高锰钢爆炸变形孪晶结构调控及其在循环载荷作用下的行为

Nowadays, the current research of material field focuses on the twinning-structure which can remarkably enhance the strength, ductility and toughness. The high-speed railway is the most important strategic project in China and its security has caught the world`s attention. And the crossings, that are used to change the running direction of trains, play a key role on the reliability of the high-speed railway. Hadfield steel and bainitic steel are the main materials used for manufacturing the crossings. A large amount of twinning can be introduced into the microstructure of the Hadfield steel after high strain rate deformation for its low stacking fault energy, which can yield an excellent work hardening effect. In practice, to meet requirements of the high-speed railway, the explosion pre-hardening treatment has been carried out on the Hadfield steel crossing for its low yield strength. However, the research on the mechanism of explosion hardening of Hadfield steel is far behind its application, and no report has been carried out on how to obtain a high density and ultra-fine twinning structure in Hadfield steel via composition designing and the explosion procedure optimizing. In the present project, the conventional and micro-alloyed Hadfield steel become the objects of the study. And the optimum explosion hardening procedure, that can introduce a high density and ultra-fine twinning structure in Hadfield steel, can be obtained via regulating the austenitic stacking fault energy (37 and 48mJ/m2), grain size (50, 200 and 500μm), explosion deformation temperature (-50, 0 and 50℃) and times (1~3) and deformation rate. And then, the microstructure evolution and property change of the deformed Hadfield steel under cyclic loading will be studied in detail. Finally, the relationships between the microstructure and the property of Hadfield steel, the twining structure and the explosion procedure will be revealed, and then the aim of regulating the reliability of Hadfield steel crossing of high-speed railway will be realized.

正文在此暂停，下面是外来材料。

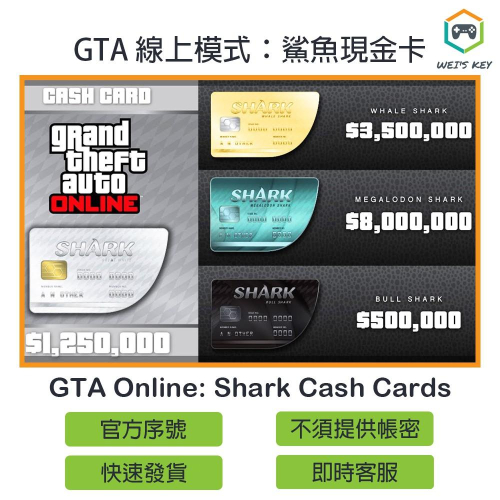 【官方序號】俠盜獵車手5 GTA Online: Shark Cash Cards GTA5 錢 鯊魚現金卡 PC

孪晶可以同时显著提高材料的强塑韧性，成为当今材料界研究热点。目前我国头号重大战略工程是高速铁路，其安全被世界瞩目，改变火车运行方向的辙叉关乎其安全可靠。辙叉用钢主要有高锰钢和贝氏体钢，低层错能高锰钢在超高速率下变形会形成大量孪晶，产生超加工硬化效应。为满足高铁要求，对屈服强度较低的高锰钢辙叉表面采用爆炸预硬化处理。然而其硬化机理研究远落后于其应用，如何通过对高锰钢成分设计和爆炸工艺优化来获得高密度超细孪晶结构未见报道。本项目以传统高锰钢和微合金化高锰钢为研究对象，通过改变奥氏体层错能(37和48mJ/m2)、晶粒尺寸(50、200和500μm)，调整爆炸变形温度(-50、0和50℃)和次数(1、2和3次)及速率，优化高密度超细孪晶高锰钢的爆炸变形工艺，并研究其在循环载荷作用下的结构演变和性能蜕变行为，揭示结构和性能关联性，实现通过调整爆炸工艺调控孪晶结构掌控高速铁路高锰钢辙叉的安全可靠性。

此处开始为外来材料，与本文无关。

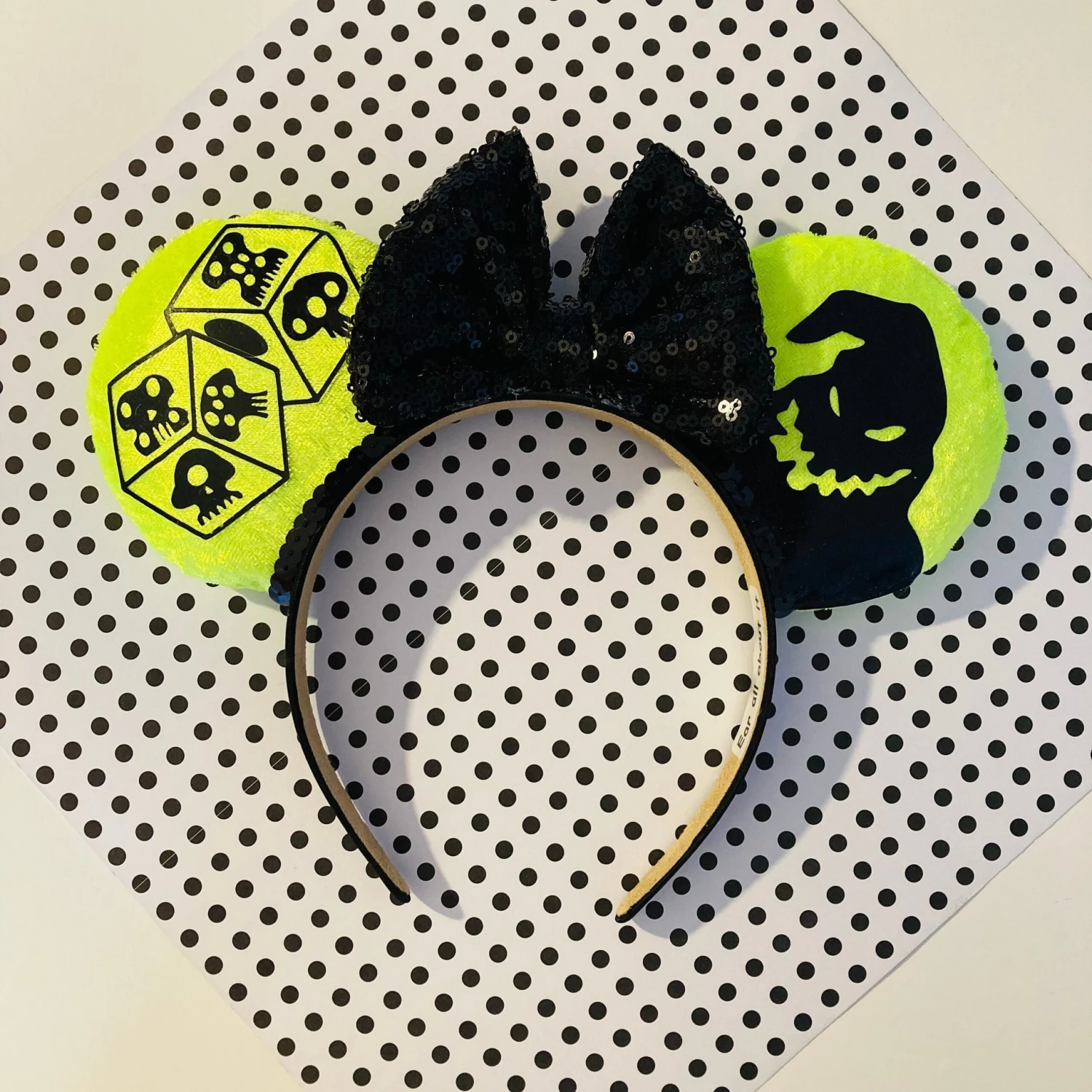 Neon Day Glow Oogie Boogie Nightmare Before Christmas Mouse Ears Disney Halloween Headband Inspired 3 Neon Day Glow Oogie Boogie Nightmare Before Christmas Mouse Ears Disney Halloween Headband Inspired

目前，高速铁路是我国重大战略工程，其安全被世界瞩目，改变火车运行方向的辙叉关乎其安全可靠。辙叉用钢主要有高锰钢和贝氏体钢，低层错能高锰钢在超高速率下变形会形成大量孪晶，产生超加工硬化效应。为满足高铁要求，对屈服强度较低的高锰钢辙叉表面采用爆炸预硬化处理。然而其硬化机理研究远落后于其应用，如何通过对高锰钢成分设计和爆炸工艺优化来获得高密度超细孪晶结构未见报道。本项目以传统高锰钢和Cr+N合金化高锰钢为研究对象，研究了不同爆炸硬化条件下高锰钢的组织和力学性能变化。研究表明，化学成分和环境温度对高锰钢的硬化效果和孪生行为影响较大，而晶粒尺寸的影响较小；当炸药总厚度相同时，两次爆炸硬化后高锰钢试样的表面硬度更高，界面硬度降低趋势更加平缓；在变形过程中，高的变形速率有助于高锰钢中形变孪晶的产生。经爆炸硬化处理后，高锰钢的滚动接触疲劳寿命降低，而三点弯曲疲劳性能有所提高。Cr+N合金化高锰钢的强塑性、低周疲劳性能以及耐磨性能都要高于普通高锰钢。 高速重击高锰钢可以在高锰钢表面制备纳米晶，这是由于位错和孪晶发生作用，孪晶界共格特性被破坏导致的。相比于原始态高锰钢和常规变形高锰钢，纳米孪晶高锰钢具有更高的热稳定性和耐蚀性。本项目的研究成果对于高锰钢辙叉的制造和应用具有重要指导意义。